Jakarta - Militer dan pejabat politik Israel mengumumkan tewasnya Ali Larijani, pemimpin de facto Iran, sebagai keberhasilan besar dalam operasi militer dan intelijen. Serangan ini menjadi pukulan paling signifikan bagi kepemimpinan Iran sejak awal eskalasi konflik bersama Amerika Serikat dan Israel, dilansir dari CNBC Indonesia.
Melansir The New York Times, serangan tersebut juga mencakup operasi terhadap komandan milisi keamanan internal Iran, Basij, yang menambah tekanan terhadap struktur kekuasaan negara tersebut. Sebelumnya, serangan udara di Teheran bahkan menewaskan Ayatollah Ali Khamenei beserta sejumlah petinggi militer Iran.
Rangkaian aksi ini menunjukkan ketergantungan Israel pada strategi pembunuhan terarah untuk mencapai tujuan perang. Target utamanya adalah melemahkan pemerintahan Iran dan membuka peluang munculnya pemberontakan rakyat dengan merusak kekuatan keamanan internal.

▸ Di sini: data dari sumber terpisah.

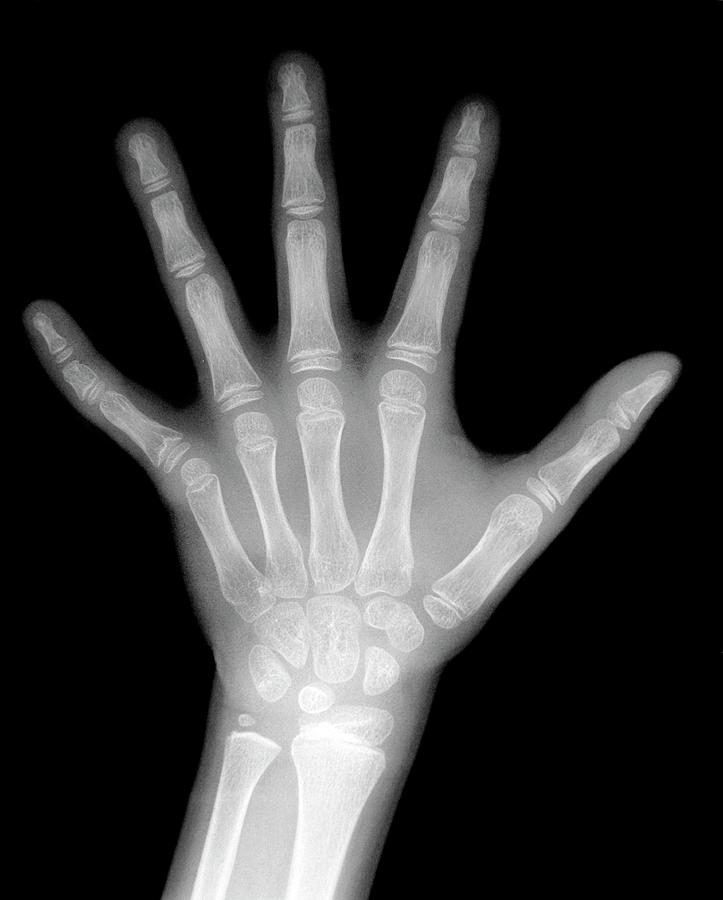 Child's Hand #4 by Aj Photo / Science Photo Library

Perdana Menteri Israel Benjamin Netanyahu mengatakan dalam pesan video bahwa jika strategi ini terus dilakukan, rakyat Iran berpeluang menentukan nasibnya sendiri. Sementara itu, Menteri Pertahanan Israel Israel Katz menegaskan bahwa militer akan terus memburu para pemimpin Iran dan memutus kekuatan mereka secara berulang.
Meski demikian, kematian Larijani memunculkan pertanyaan mengenai efektivitas strategi tersebut dalam jangka panjang. Sejumlah pihak menilai Israel mungkin menggunakan taktik ini bukan hanya karena efektif, tetapi juga karena memiliki kemampuan untuk melakukannya, meski berisiko menimbulkan dampak tak terduga.

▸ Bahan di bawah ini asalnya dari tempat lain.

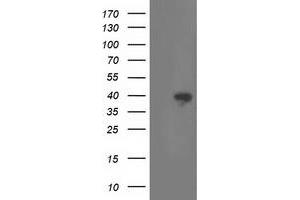 HEK293T cells were transfected with the pCMV6-ENTRY control (Left lane) or pCMV6-ENTRY RLBP1 (Right lane) cDNA for 48 hrs and lysed. (RLBP1 Antikörper)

Israel sendiri memiliki sejarah panjang dalam operasi pembunuhan terhadap musuhnya. Mulai dari operasi balasan pasca tragedi Olimpiade Munich 1972 hingga penargetan tokoh militan Palestina saat Intifada Kedua dan pemimpin Hizbullah Hassan Nasrallah pada 2024.
Sejumlah analis Israel menilai strategi ini berpotensi melemahkan Iran hingga mendorongnya berkompromi dalam isu nuklir dan rudal balistik. Mantan pejabat Mossad Sima Shine menyebut tekanan berkelanjutan dapat membuat Iran pada akhirnya merasa tidak mampu menahan beban konflik.
Ia menambahkan bahwa pelemahan milisi Basij juga dapat mengurangi efektivitas aparat keamanan di lapangan. Hal ini berpotensi membuat anggota tingkat bawah enggan menjalankan tugasnya dalam menghadapi tekanan internal.
Namun, ada pula kekhawatiran bahwa kematian Larijani justru dapat memperkuat kelompok garis keras di Iran. Sosok Larijani dikenal sebagai figur pragmatis yang mampu menjembatani kelompok moderat dan militer garis keras.
Analis menilai penggantinya bisa berasal dari kalangan yang lebih agresif, seperti pimpinan Garda Revolusi Iran atau tokoh politik militer lainnya. Kondisi ini berisiko memperpanjang konflik dan memperkeras sikap Iran terhadap Amerika Serikat dan Israel.
Sebagian pihak juga menilai bahwa struktur kepemimpinan Iran cukup dalam untuk bertahan dari kehilangan tokoh-tokoh utamanya. Setelah kematian Khamenei, Iran bahkan dengan cepat menunjuk Mojtaba Khamenei sebagai pemimpin tertinggi yang baru.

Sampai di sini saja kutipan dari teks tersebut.